───── DATASET EXTRACT
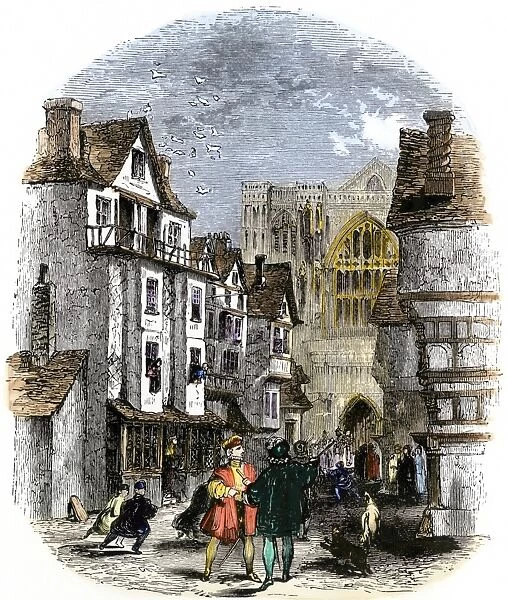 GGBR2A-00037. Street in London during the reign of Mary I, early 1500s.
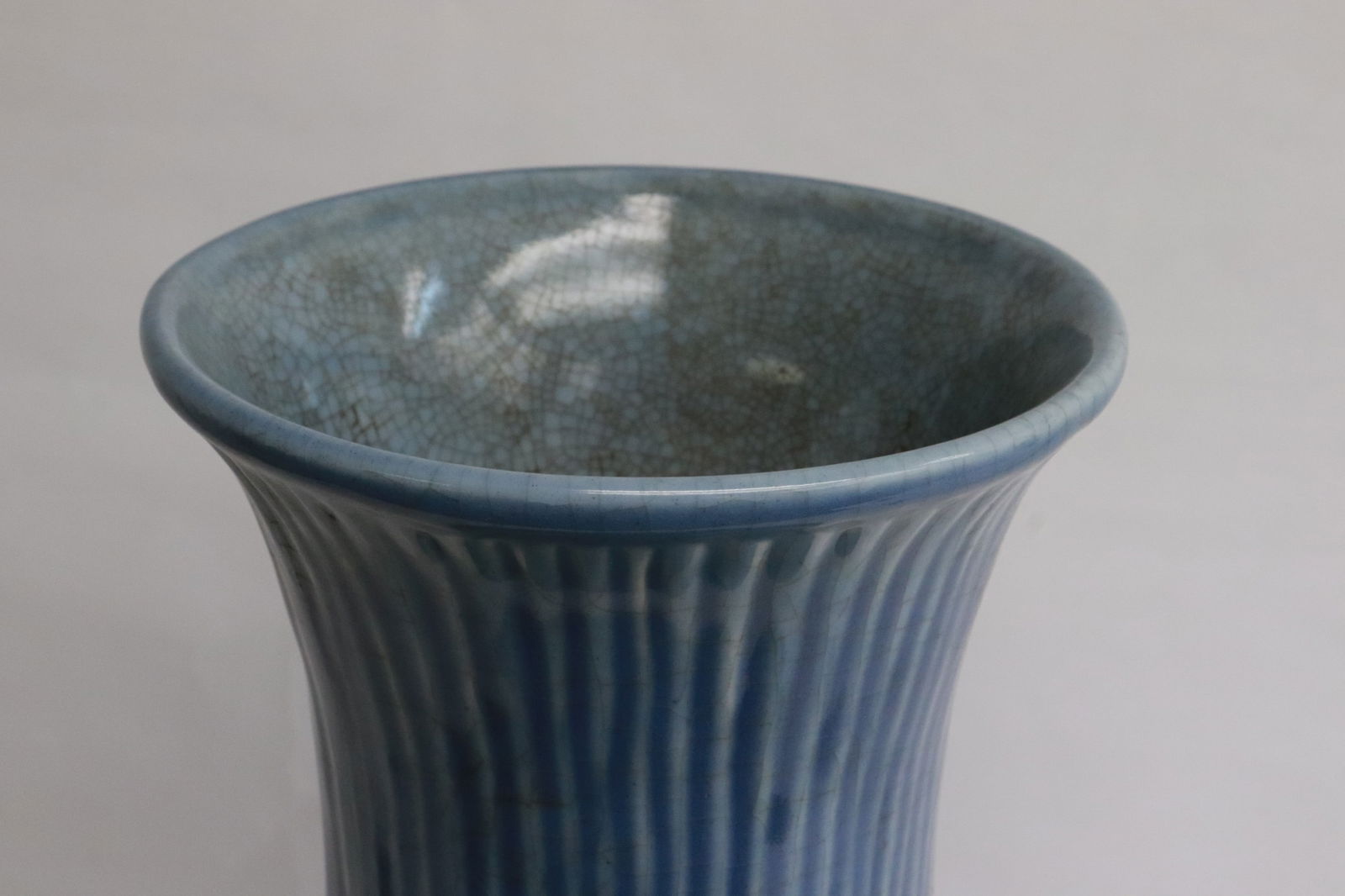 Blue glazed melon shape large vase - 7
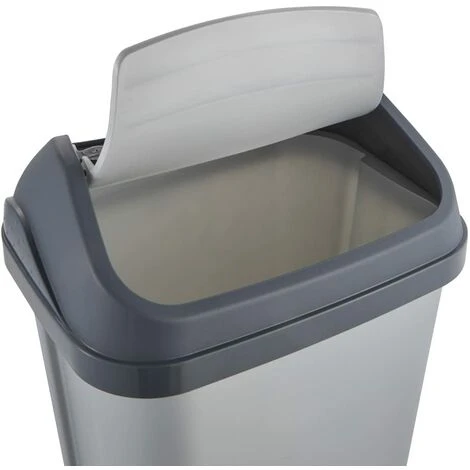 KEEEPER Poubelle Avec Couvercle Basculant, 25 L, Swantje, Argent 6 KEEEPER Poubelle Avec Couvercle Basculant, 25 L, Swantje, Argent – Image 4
──────────
§ **YOUR INSTRUCTIONS**
The lines running from the one with "Blue glazed melon shape large vase - 7" to the close of the material above are to be retyped exactly; no picture is to be included.

§ **SOLUTION TO THIS EXERCISE**
 Blue glazed melon shape large vase - 7
 KEEEPER Poubelle Avec Couvercle Basculant, 25 L, Swantje, Argent 6 KEEEPER Poubelle Avec Couvercle Basculant, 25 L, Swantje, Argent – Image 4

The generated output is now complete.